Sunday, April 14, 2013

Sandy Hook Mother's Radio Address, School Shootings, & Picoult's Nineteen Minutes

From yesterday's BBC article "Sandy Hook mother replaces Obama for guns radio address:"
The mother of a victim of last year's Sandy Hook shootings has replaced Barack Obama to deliver the weekly US presidential radio address.
Francine Wheeler, whose six-year-old son Ben was killed, used the nationally-broadcast statement to call for tighter gun controls.
Asking a citizen to deliver the weekly address is a highly unusual move. It comes as President Obama attempts to ratchet up pressure on the US Congress, which is due to debate new gun laws.
In an often emotional statement, Ms Wheeler recalled waiting for her son to return home following the shootings, and said the "tidal wave of anguish" resulting from that day had yet to recede. She said new gun laws were needed to prevent more deaths.
On the subject of school shootings, I have three novels to recommend. The first is Nineteen Minutes by Jodi Picoult:
Bestseller Picoult (My Sister's Keeper ) takes on another contemporary hot-button issue in her brilliantly told new thriller, about a high school shooting.
Peter Houghton, an alienated teen who has been bullied for years by the popular crowd, brings weapons to his high school in Sterling, N.H., one day and opens fire, killing 10 people. Flashbacks reveal how bullying caused Peter to retreat into a world of violent computer games. Alex Cormier, the judge assigned to Peter's case, tries to maintain her objectivity as she struggles to understand her daughter, Josie, one of the surviving witnesses of the shooting.
I also recommend We Need to Talk About Kevin by Lionel Shriver:
Eva Khatchadourian is a smart, skeptical New Yorker whose impulsive marriage to Franklin, a much more conventional person, bears fruit, to her surprise and confessed disquiet, in baby Kevin.
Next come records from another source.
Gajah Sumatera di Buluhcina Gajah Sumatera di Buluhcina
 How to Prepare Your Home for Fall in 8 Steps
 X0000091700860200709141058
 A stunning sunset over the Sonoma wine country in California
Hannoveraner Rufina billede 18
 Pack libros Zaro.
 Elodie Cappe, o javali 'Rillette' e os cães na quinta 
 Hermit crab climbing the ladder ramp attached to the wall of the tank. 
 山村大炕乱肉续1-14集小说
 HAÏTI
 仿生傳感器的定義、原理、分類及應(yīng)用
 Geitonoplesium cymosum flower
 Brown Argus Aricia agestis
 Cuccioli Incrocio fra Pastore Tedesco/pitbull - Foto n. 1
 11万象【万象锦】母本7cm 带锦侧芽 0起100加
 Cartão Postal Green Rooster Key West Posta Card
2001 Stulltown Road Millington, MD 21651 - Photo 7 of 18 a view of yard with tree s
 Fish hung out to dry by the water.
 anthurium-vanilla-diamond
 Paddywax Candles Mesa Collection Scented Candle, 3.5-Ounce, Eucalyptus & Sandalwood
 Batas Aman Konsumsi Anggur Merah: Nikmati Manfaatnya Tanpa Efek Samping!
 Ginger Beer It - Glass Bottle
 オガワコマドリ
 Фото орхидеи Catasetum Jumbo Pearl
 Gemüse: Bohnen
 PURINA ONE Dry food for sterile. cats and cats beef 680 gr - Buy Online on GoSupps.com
From the start Eva is ambivalent about him, never sure if she really wanted a child, and he is balefully hostile toward her; only good-old-boy Franklin, hoping for the best, manages to overlook his son's faults as he grows older, a largely silent, cynical, often malevolent child...
The narrative, which leads with quickening and horrifying inevitability to the moment when Kevin massacres seven of his schoolmates and a teacher at his upstate New York high school, is told as a series of letters from Eva to an apparently estranged Franklin, after Kevin has been put in a prison for juvenile offenders.
And while the school shooting takes less of a prominent role in Empire Falls by Richard Russo, it's still a major part of an excellent novel. Here's the summary:
In his early 40s, passive good guy Miles Roby, the son of Francine's husband's long-dead mistress, seems helpless to escape his virtual enslavement as longtime proprietor of the Whiting-owned Empire Grill, the town's most popular eatery, which Francine has promised to leave him when she dies. Miles's wife, Janine, is divorcing him and has taken up with an aging health club entrepreneur.
In her senior year in high school, their creative but lonely daughter, Tick, is preoccupied by her parents' foibles and harassed by the bullying son of the town's sleazy cop—who, like everyone else, is a puppet of the domineering Francine. Struggling to make some sense of her life, Tick tries to befriend a boy with a history of parental abuse.
To further complicate things, Miles's brother, David, is suspected of dealing marijuana, and their rascally, alcoholic father is a constant annoyance. Miles and David's secret plan to open a competing restaurant runs afoul of Francine just as tragedy erupts at the high school.